The show opened without major disturbance, although around 30-40 people gathered t
o protest outside. Some held banners emblazoned with Polish slogans.
“This is a very bad, worrying and sad event,” Prime Minister Jaroslaw Kaczynski told reporters at the site of the former Nazi concentration camp Stutthof, in what is now northwestern Poland.
“It is not doing anything positive for Poland, Germany or Europe.”
The exhibition was organised by the Centre Against Expulsions — a body closely linked to the League of German Expellees, representing 12.5 million Germans evicted from eastern parts of the defeated Third Reich after World War Two.

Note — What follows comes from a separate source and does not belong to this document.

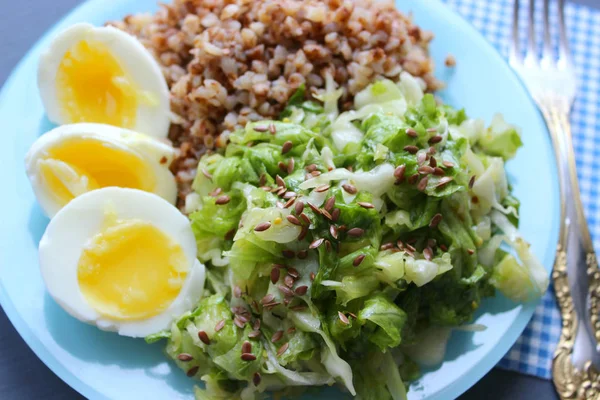 Sebzeli karabuğday. Ahşap bir arka plan üzerinde. Yukarıdan manzara. Kopya alanı. Koyu bir arka plan üzerinde yumurta, salata ve karabuğday lapası ile Sağlıklı Kahvaltı. Doğru beslenme. Diyet menüsü.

Poland’s conservative government and many Poles believe the organisation aims to portray Germans as victims of a war they started.
The League, led by Erika Steinbach, a member of Germany’s ruling Christian Democrat party, hopes the show will pave the way for a permanent expellees’ centre.

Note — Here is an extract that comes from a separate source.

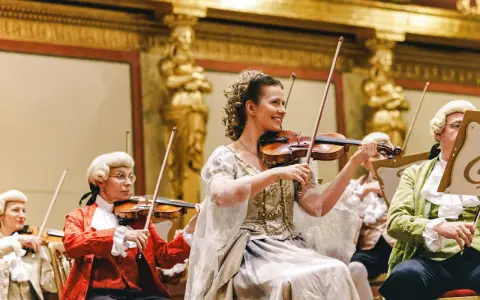 Koncert w stylu epoki Mozarta. W centrum uśmiechnięta kobieta grająca na skrzypcach, przypominająca żonę Mozarta.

This idea has made Steinbach a hate figure for many Poles. A weekly magazine has portrayed her in a black SS uniform straddling the former German Chancellor Gerhard Schroeder.
In an address marking the opening, Steinbach did not respond to Polish criticism and said the show was intended to commemorate all the victims of forced expulsion in Europe, not just Germans.
Nazi Germany invaded Poland in September 1939 after a secret pact between Adolf Hitler and Soviet leader Josef Stalin to partition the country.
After Germany’s defeat, Poland’s borders were shifted west and many Germans were forced to flee. Thousands died on the trek from Poland, Hungary and what was then Czechoslovakia.
At the same time, Poles from the east of the country were uprooted from land which became part of the Soviet Union.
“It is very dangerous to try to reduce the World War Two history to the problem of expulsions without mentioning the murder of Poles and the Holocaust,” Poland’s Deputy Foreign Minister Pawel Kowal told Polish news agency PAP.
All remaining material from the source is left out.